*** Data to use

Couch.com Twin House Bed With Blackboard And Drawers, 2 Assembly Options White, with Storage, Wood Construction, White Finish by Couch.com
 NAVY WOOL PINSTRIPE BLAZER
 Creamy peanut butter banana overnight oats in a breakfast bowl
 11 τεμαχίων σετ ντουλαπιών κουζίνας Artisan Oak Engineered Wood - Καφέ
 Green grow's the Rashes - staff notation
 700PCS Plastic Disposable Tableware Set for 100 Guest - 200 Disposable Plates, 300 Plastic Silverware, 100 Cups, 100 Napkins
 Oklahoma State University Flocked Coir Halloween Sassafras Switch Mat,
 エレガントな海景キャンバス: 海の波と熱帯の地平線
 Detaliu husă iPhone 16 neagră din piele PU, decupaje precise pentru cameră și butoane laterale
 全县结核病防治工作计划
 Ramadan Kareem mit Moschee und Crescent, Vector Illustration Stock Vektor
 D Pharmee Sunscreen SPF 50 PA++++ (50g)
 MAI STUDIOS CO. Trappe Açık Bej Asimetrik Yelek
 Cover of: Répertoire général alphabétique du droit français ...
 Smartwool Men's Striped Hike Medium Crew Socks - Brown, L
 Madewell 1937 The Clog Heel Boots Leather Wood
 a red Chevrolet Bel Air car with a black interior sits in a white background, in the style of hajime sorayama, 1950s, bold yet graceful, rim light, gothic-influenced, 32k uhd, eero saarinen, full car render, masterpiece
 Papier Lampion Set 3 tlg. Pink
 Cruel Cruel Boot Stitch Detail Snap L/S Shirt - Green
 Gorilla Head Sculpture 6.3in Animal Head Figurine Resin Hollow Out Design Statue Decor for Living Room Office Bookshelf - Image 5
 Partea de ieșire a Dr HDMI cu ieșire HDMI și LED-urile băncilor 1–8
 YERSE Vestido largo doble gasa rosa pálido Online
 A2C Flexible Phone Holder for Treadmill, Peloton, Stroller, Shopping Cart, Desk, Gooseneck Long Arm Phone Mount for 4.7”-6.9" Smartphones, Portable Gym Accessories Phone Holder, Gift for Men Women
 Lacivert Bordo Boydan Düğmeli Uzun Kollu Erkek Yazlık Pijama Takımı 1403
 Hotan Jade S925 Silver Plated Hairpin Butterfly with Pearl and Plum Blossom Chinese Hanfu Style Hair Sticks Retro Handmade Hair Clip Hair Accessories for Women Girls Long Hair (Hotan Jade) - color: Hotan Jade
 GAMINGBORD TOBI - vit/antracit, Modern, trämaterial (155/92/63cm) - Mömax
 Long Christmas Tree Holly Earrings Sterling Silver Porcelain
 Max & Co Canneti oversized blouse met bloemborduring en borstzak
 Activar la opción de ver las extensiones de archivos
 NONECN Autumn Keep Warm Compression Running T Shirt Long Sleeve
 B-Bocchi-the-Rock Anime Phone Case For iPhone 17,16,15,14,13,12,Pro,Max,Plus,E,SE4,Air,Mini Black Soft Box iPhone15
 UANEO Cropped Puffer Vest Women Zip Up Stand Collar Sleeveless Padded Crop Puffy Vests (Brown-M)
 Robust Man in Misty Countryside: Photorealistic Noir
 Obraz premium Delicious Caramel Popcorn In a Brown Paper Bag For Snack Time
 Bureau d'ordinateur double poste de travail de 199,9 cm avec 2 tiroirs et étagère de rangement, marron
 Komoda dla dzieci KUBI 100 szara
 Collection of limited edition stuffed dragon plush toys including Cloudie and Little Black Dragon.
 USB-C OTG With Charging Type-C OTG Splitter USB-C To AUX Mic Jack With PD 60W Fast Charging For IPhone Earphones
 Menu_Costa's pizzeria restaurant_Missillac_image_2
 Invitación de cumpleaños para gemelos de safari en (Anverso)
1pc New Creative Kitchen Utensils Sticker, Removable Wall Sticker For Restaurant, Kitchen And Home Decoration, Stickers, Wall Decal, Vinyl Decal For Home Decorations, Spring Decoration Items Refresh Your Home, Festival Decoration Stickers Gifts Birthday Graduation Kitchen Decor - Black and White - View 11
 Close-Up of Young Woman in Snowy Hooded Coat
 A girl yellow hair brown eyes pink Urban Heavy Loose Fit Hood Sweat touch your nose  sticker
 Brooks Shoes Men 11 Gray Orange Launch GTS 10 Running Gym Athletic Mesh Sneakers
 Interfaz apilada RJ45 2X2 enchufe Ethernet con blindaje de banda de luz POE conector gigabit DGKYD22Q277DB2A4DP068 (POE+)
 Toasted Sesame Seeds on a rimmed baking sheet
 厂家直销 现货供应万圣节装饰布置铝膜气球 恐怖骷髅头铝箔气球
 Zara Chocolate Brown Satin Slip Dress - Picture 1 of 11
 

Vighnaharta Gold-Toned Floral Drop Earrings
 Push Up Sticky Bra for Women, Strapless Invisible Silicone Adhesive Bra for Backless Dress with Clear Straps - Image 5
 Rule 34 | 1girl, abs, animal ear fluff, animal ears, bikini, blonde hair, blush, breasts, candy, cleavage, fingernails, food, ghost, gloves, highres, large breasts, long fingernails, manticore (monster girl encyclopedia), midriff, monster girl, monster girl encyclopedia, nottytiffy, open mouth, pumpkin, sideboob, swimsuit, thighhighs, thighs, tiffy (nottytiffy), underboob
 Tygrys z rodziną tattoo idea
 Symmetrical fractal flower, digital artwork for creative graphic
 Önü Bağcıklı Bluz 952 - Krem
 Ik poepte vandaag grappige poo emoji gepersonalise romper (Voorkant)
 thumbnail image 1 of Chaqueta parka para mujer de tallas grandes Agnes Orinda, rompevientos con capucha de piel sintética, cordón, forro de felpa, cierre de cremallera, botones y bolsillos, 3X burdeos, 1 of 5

******

# Exercise aim
Please find all lines of the entries that hold the string "Shirt" and copy them.

# Response area
 Cruel Cruel Boot Stitch Detail Snap L/S Shirt - Green
 NONECN Autumn Keep Warm Compression Running T Shirt Long Sleeve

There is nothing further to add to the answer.